Aside from the sheer joy of reading a writer who nails character the way Hardwick repeatedly does (I confess several times, while reading, I found myself grateful that she never had the opportunity to turn her gimlet gaze on me) it’s striking too, that the vanishing city of which she writes has since been painted over by several generations of ever-vanishing cities. Brentano’s has been shuttered for years, not to mention Scribner’s, B. Dalton, and The Doubleday Bookshop –– all within a few blocks that now teem with tourists getting good deals at Prada.  The old Hotel Astor has faded from memory.  Even The New York Times has moved to a soaring tower a few long blocks west.  Institutions.  You can’t count on them.  And yet, Hardwick’s city –– “New York, with its graves next to its banks” (50) –– is at once a ghost, and alive as it ever once was.  “A brilliant night outside in New York City.  It is Saturday and people with debts are going to restaurants, jumping in taxicabs, careening from West to East by way of the underpass through the park.”  (108)
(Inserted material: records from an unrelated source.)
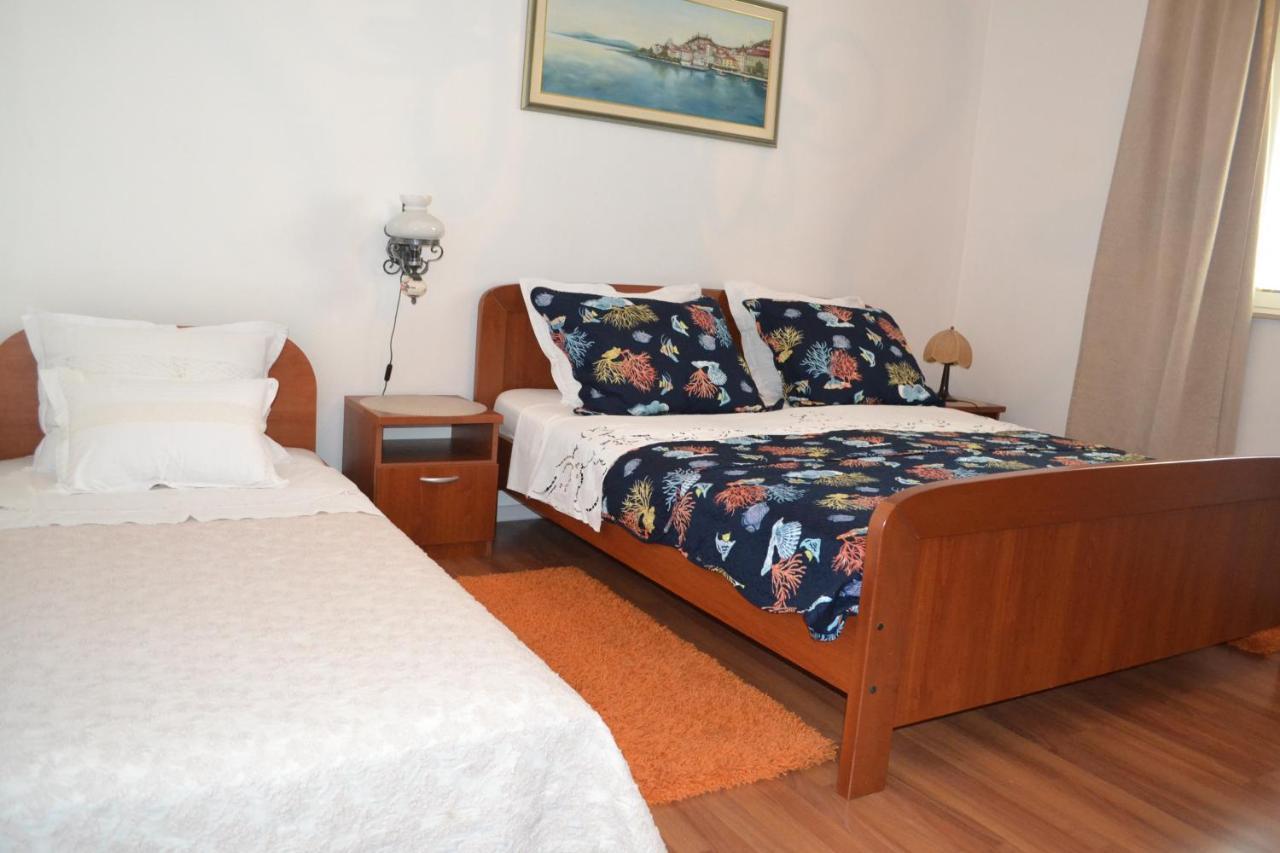 Apartments Lucija Srima Bagian luar foto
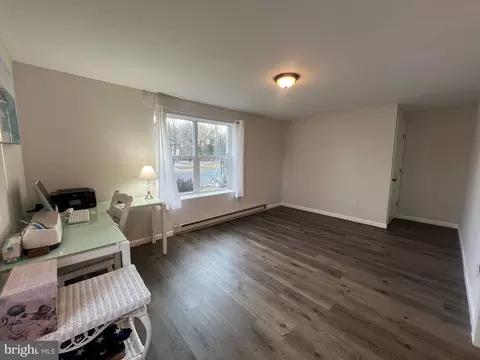 Living - 41 Hilltop Rd, Earleville, MD 21919 photo 5 of 8
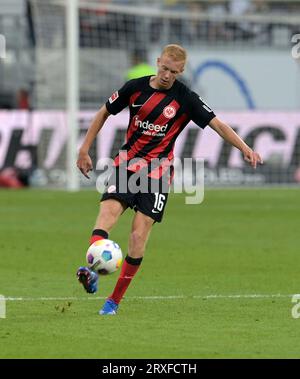 Frankfurt, Deutschland. September 2023. Hugo Larsson fotografiert beim Fußball Bundesliga Spiel Eintracht Frankfurt gegen den SC Freiburg am 24.9.2023 in Frankfurt. Quelle: dpa/Alamy Live News Stockfoto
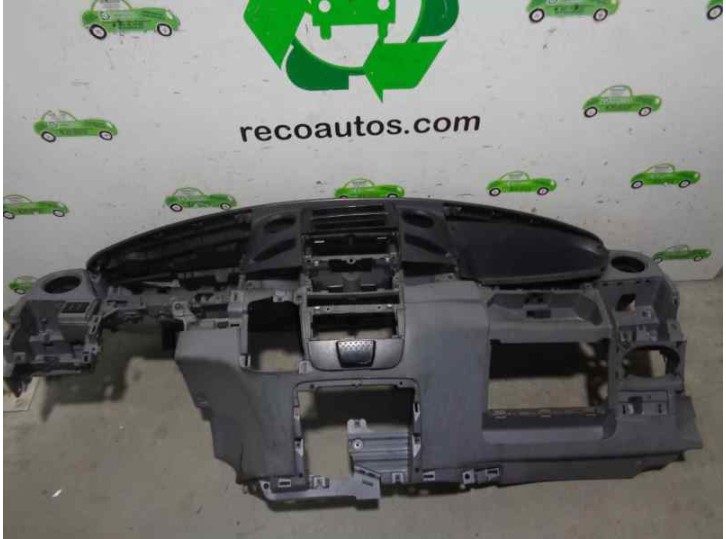 Recambio de salpicadero para iveco daily caja cerrada (2006 =>) 2.3 diesel referencia OEM IAM NEGRO Y GRIS 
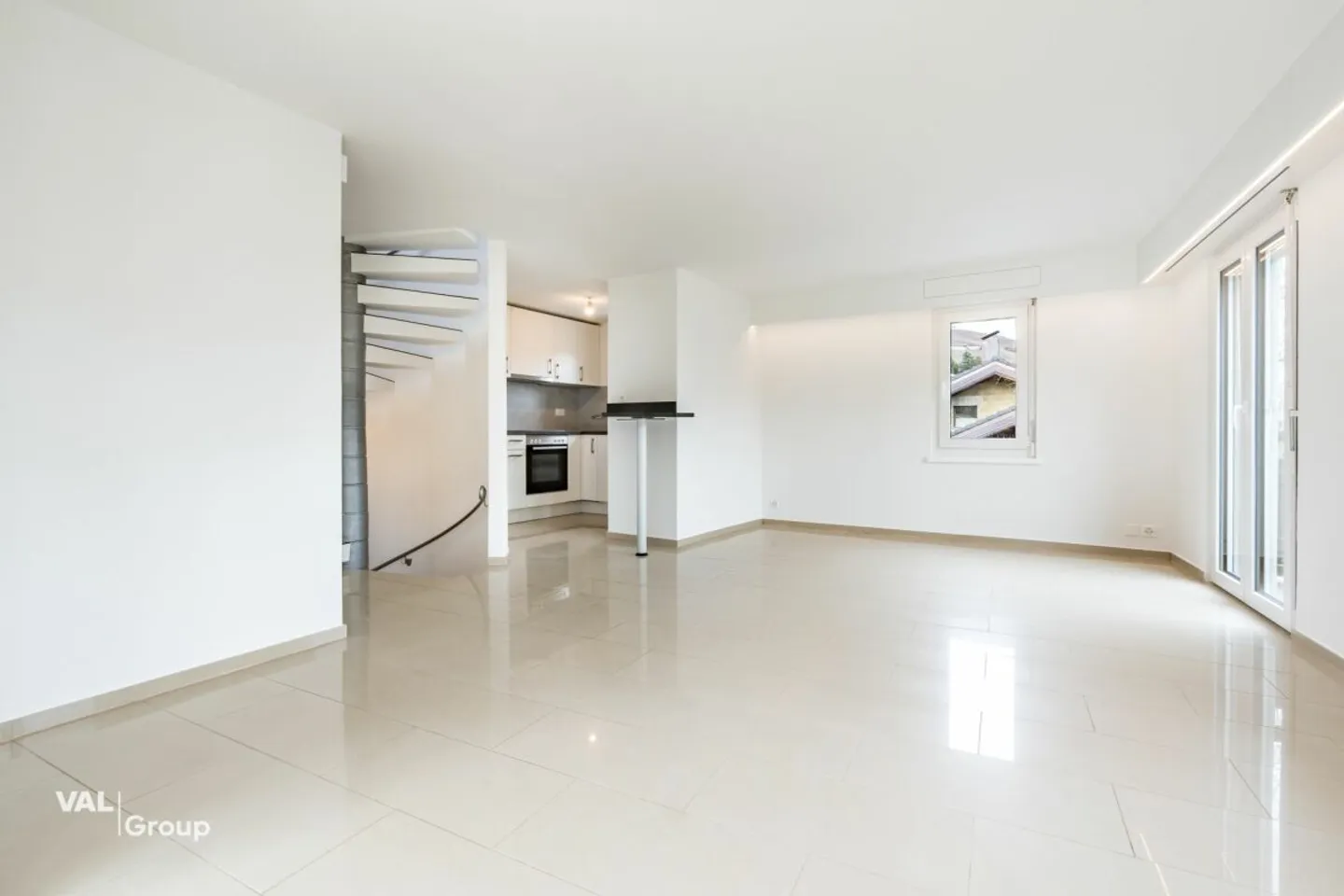 Charmante maison rénovée - Photo 4 sur 13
It is only fitting that this literary excavation of the pathos of interior life should contain, near its end, the phrase “the battered calendar of the past.”  Indeed, the entire slim volume is a battered calendar, its pages flipping back and forth as if by a gusty wind.  The experience of reading Sleepless Nights is a profoundly intimate one.  Hardwick will never read these words, but I wanted to do her proud.  I hoped to apply my “working psychology” to hers, and in so doing, add a layer to the ongoing, ever-evolving, edifice of transparencies, as soaring and beautiful somehow as real as her New York––or mine––or the cities still to come.  No matter.  “In truth,” she writes “moments, months, even years were magical.  Pages turned, answering prayers, and persons called out, Are you there?  The moon changed the field to the silvery lavender of daybreak.”